= The Young & Moody Band =

The Young & Moody Band was a British blues rock band from the late 1970s to the early 1980s, headed by Status Quo co-writer Bob Young and Whitesnake guitarist Micky Moody. The two met for the first time in 1975, when Moody's band, Snafu, supported Status Quo on tour. They formed a friendship and in their spare time began writing songs together. Over a period of several years, they collected enough material for two albums and several singles.

The band started under the name "Young & Moody", releasing a self-titled album on Magnet Records in 1977. Later they changed their name to The Young & Moody Band. Their 1981 single "Don't Do That" also featured Lemmy from Motörhead, Cozy Powell and The Nolans and charted at No. 63 on the UK Singles Chart.

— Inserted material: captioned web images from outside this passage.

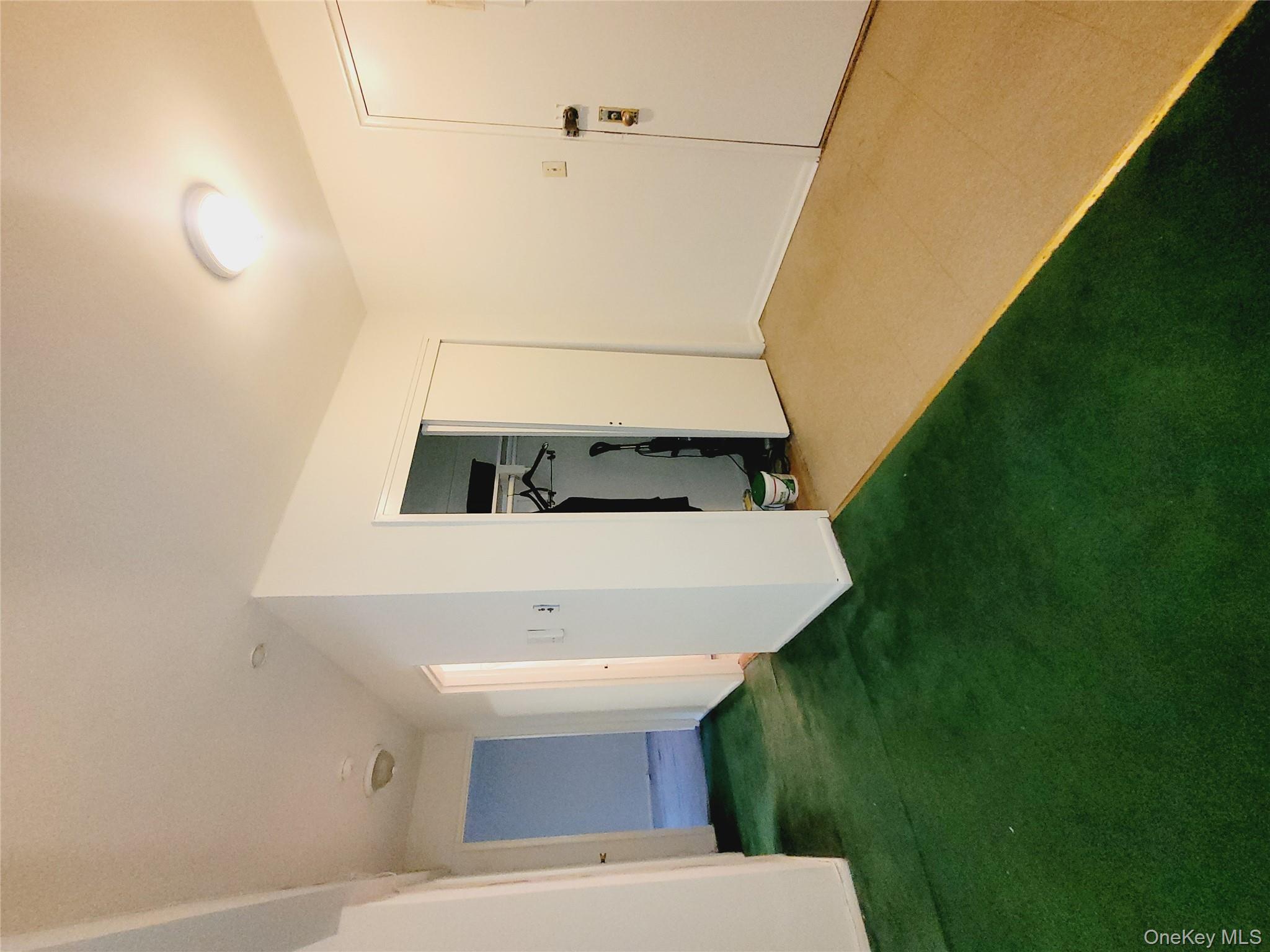 99-30 59th Avenue, Unit 3K Queens, NY 11368 - Photo 7 of 21 a view of an empty room with closet and entryway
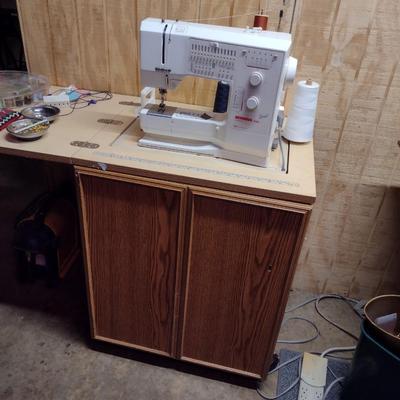 Bernina Model 1080 Sewing/Embroidery Machine with Work Cabinet and Notions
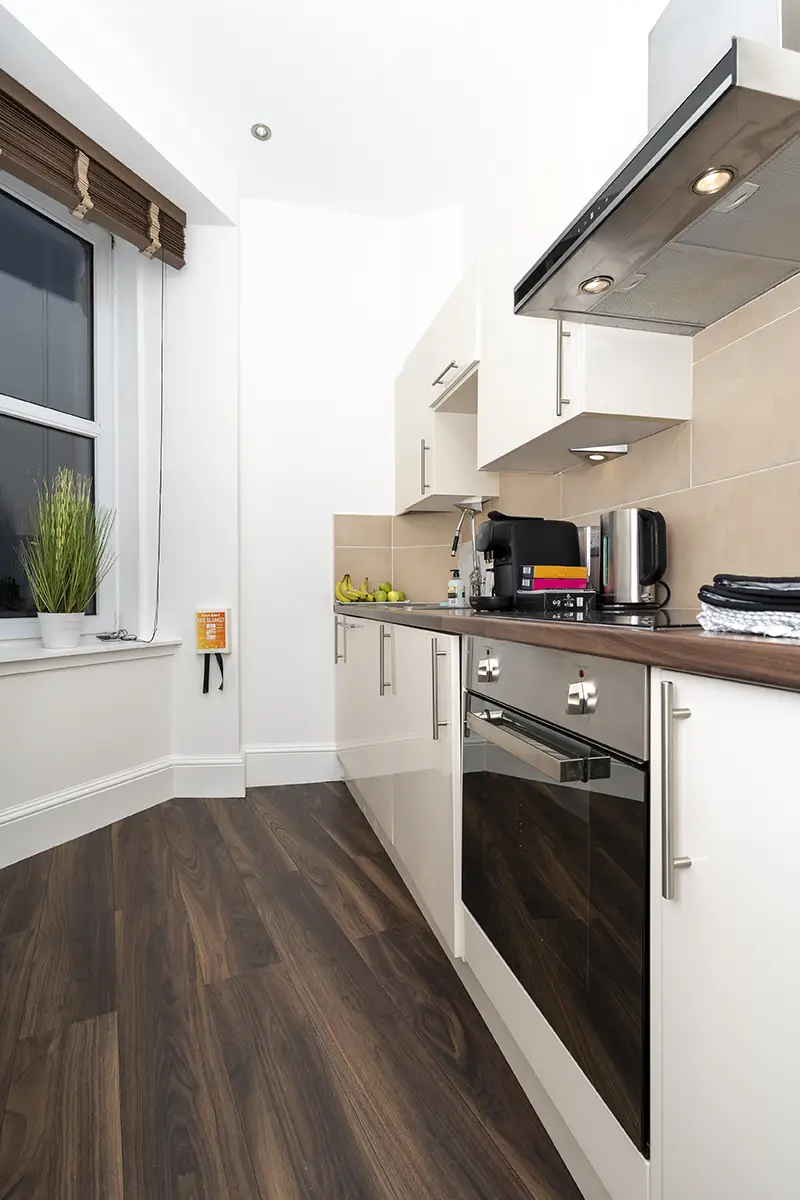 Aberdeen apartment kitchen with coffee maker, toaster, oven and fruits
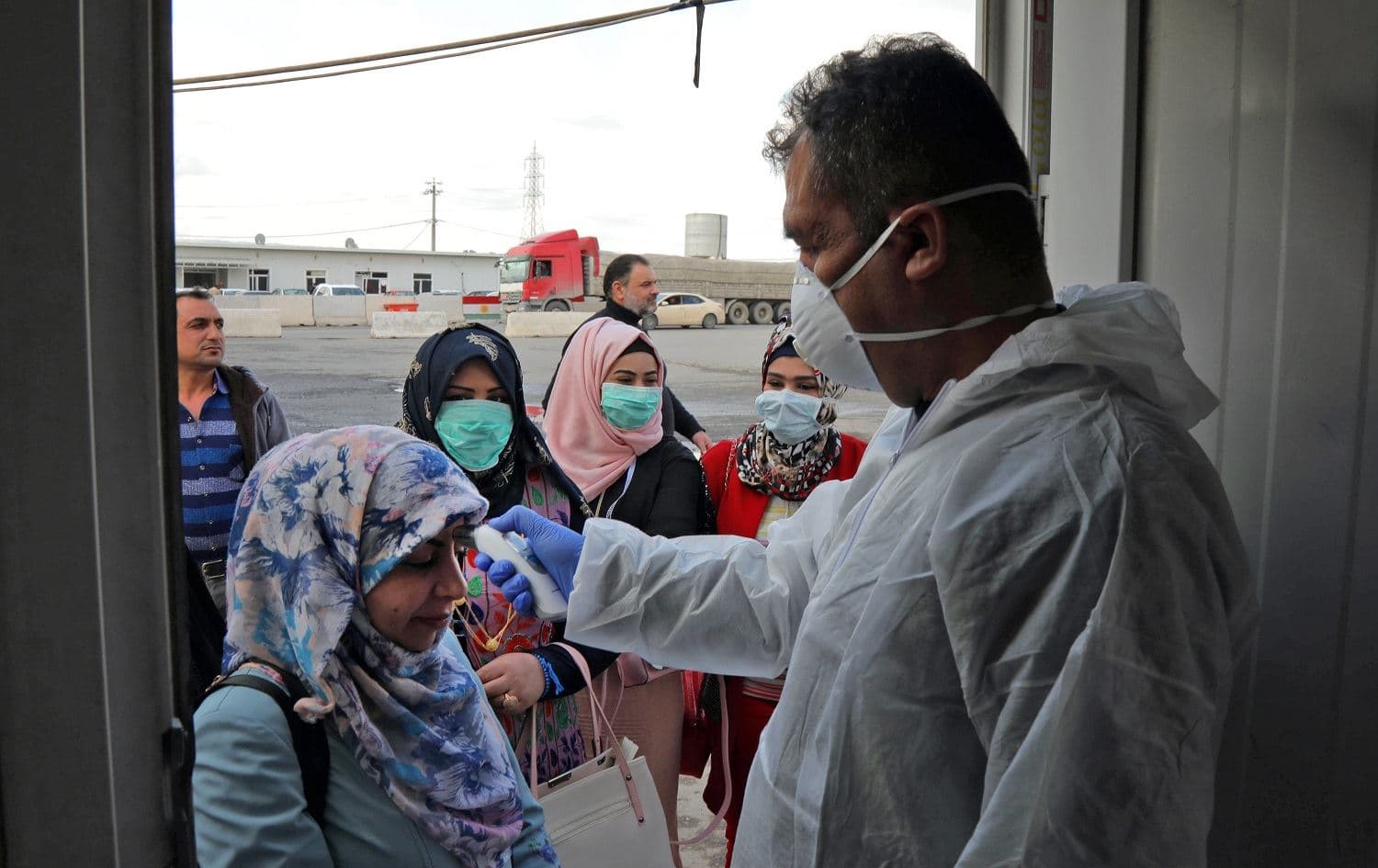 A medic checks the body temperature of travelers arriving to an Erbil checkpoint on March 2, 2020. Photo: Safin Hamed/AFP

Their follow-up single, "These Eyes", was used in a UK jeans commercial (c. 1981). Graham Bonnet (ex Rainbow) supplied the vocals (but not on the single) and the lyrics 'these eyes' were replaced with the word 'Levis'. Written by Young and Moody, it was sung by Ed Hamilton, who also wrote "Night Games" from Bonnet's third album Line-Up. Both tracks were available as singles on Bronze Records and featured on the compilation album A Quiet Night In. When released on that compilation album, it earned international gold discs.